The Taipei City Government will host a series of concerts and an art exhibition starting on Tuesday to commemorate the 61st anniversary of the 228 Incident.
Thanks to record collector Lin Tai-wei, the public will also be able to hear the first Taiwanese song banned by the government in 1934 - Wandering in the Streets - using a victrola during the concert.
Sharing his collection of records during a press conference at the 228 Memorial Museum on Friday, Lin said the song was banned because it described the difficulties experienced by people in finding employment and feeding their families as a result of a sluggish economy.
The event will also feature an art exhibition with 48 paintings collected by a 228 victim’s family member, Liao De-cheng.

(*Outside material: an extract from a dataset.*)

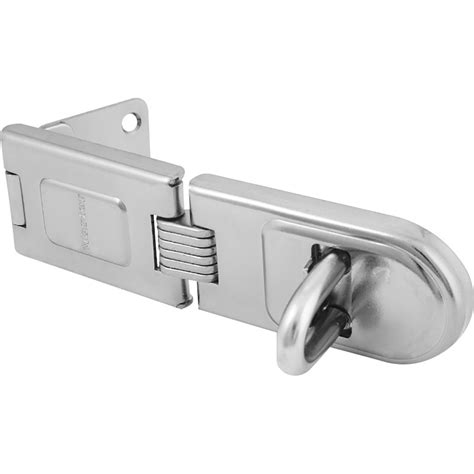 master lock high security hinge hasp staple single     mm toolstation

The 228 Incident refers to the Chinese Nationalist Party’s (KMT) bloody crackdown on demonstrators and local elite under Dictator Chiang Kai-shek’s administration. On the night of Feb. 27, 1947, a woman named Lin Chiang-mai, who had been selling smuggled cigarettes in Taipei, was beaten with a pistol by an agent from the Taiwan Monopoly Bureau.
Lin was left bloody and unconscious on the ground. An angry crowd gathered and turned on the agents, who fired their guns wildly to escape, killing a man named Chen Wen-hsi. When monopoly agents were discovered pistol-whipping two children for a similar offense the following day, an angry crowd beat the agents to death. The incident then sparked island-wide anti-KMT protests and riots.
KMT troops were rushed from China in early March to quell the disturbances and as a result tens of thousands of Taiwanese were killed.
The Taipei City Cultural Affairs Department on Friday invited residents to claim free concert tickets at the department, City Stage or the 228 Memorial Museum.